I would be travelling with my wife and 2 children (ages 5 & 7), and am unsure what sort of a life I would leading them into. 
My wife is a visual arts teacher, and would be interested in working, but is unsure how easy it would be to find work.
I do not want to spend all my days in the car between work and home, so would need to live near to KV.

Happy to hear any advice/suggestions, final contract negotiations are this week.


----------



## Shauny (Oct 10, 2007)

Hi there, hope you are ok

I have just accepted a position in Dubai and start early next year.

i work in the Construction Industry so the pay roles are slightly different however the housing allowance you have been quoted is roughly the same as mine, however i am on my own but most people i have spoke to have said you can get a nice place for about 6000dh which will leave you a bit for gas water electric food etc. 

Education allowance i cant help you on sorry.
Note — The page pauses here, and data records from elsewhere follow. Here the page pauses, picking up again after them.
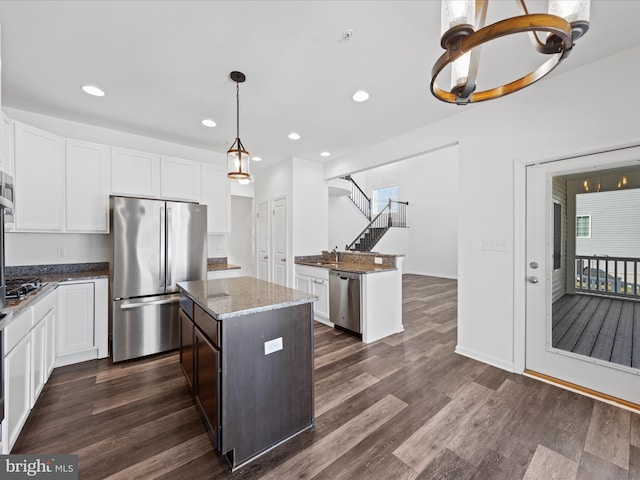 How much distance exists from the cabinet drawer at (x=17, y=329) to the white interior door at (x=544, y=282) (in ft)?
13.5

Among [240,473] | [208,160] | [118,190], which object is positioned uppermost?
[208,160]

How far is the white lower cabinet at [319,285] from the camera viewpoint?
13.7 ft

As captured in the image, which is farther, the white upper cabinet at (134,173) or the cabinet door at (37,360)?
the white upper cabinet at (134,173)

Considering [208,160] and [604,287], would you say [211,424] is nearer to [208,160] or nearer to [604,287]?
[604,287]

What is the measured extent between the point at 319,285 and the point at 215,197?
7.09ft

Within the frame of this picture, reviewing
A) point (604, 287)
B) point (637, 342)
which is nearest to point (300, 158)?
point (604, 287)

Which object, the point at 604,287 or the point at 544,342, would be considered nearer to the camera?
the point at 604,287

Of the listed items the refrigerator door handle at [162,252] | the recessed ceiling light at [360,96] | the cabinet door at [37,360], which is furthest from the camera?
the refrigerator door handle at [162,252]

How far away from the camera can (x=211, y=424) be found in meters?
1.77

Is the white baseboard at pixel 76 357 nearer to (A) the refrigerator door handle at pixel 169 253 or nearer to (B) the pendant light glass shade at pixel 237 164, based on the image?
(A) the refrigerator door handle at pixel 169 253

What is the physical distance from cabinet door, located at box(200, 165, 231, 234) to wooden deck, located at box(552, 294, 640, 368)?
4295 mm

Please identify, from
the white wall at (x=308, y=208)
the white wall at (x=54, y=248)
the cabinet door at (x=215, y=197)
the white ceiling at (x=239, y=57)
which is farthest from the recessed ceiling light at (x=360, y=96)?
the white wall at (x=54, y=248)

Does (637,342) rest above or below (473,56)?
below

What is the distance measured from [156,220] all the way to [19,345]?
1.69m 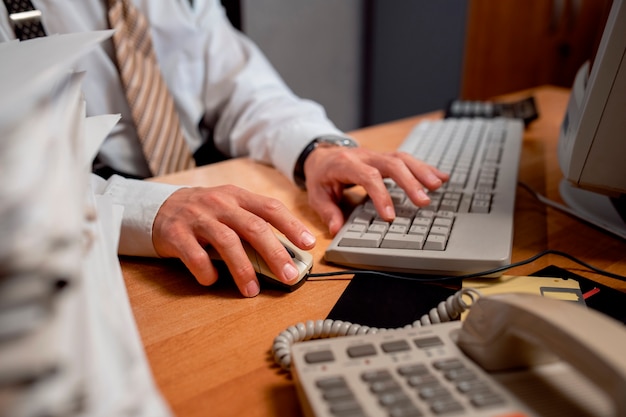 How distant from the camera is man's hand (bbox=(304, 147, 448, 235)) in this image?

I havent sorted out my accomodation yet mainly because i still dont know where to look as i dont know the good/bad areas

hope this is of some help


----------



## schreens (Nov 21, 2007)

Thanks Shauny,

I have since spoken with the company and have requested an increase across the board. One of the issues that I have discovered is that in most cases you are required to pay your rent 12 months in advance.
Good luck kwith the construction job


----------



## Alkaz007 (Jan 10, 2008)

Guys,
Before I moved to Dubai I had no idea about costs, I just realised them when I arrived. A couple with 3 yrs old boy

1 bedroom small flat in Mall of Emirates area - 95.000AED (current price) 
Food bill per month - 2000AED per month (only grocery)
Utility bill - 600-700AED per month(including gov. tax???)
Nusrery - 2500AED per month.
Entertaiment - depends how you would like to party 
Gas/Petrol - around 600AED per month (light driving)

So you have some idea about costs now


----------



## Geordie Armani (Jan 24, 2008)

housing and education allowance below budget, you will need at least a 2 bed, currently 130 - 150k. Education - I pay 28,000 dhs a year for a three year old.


----------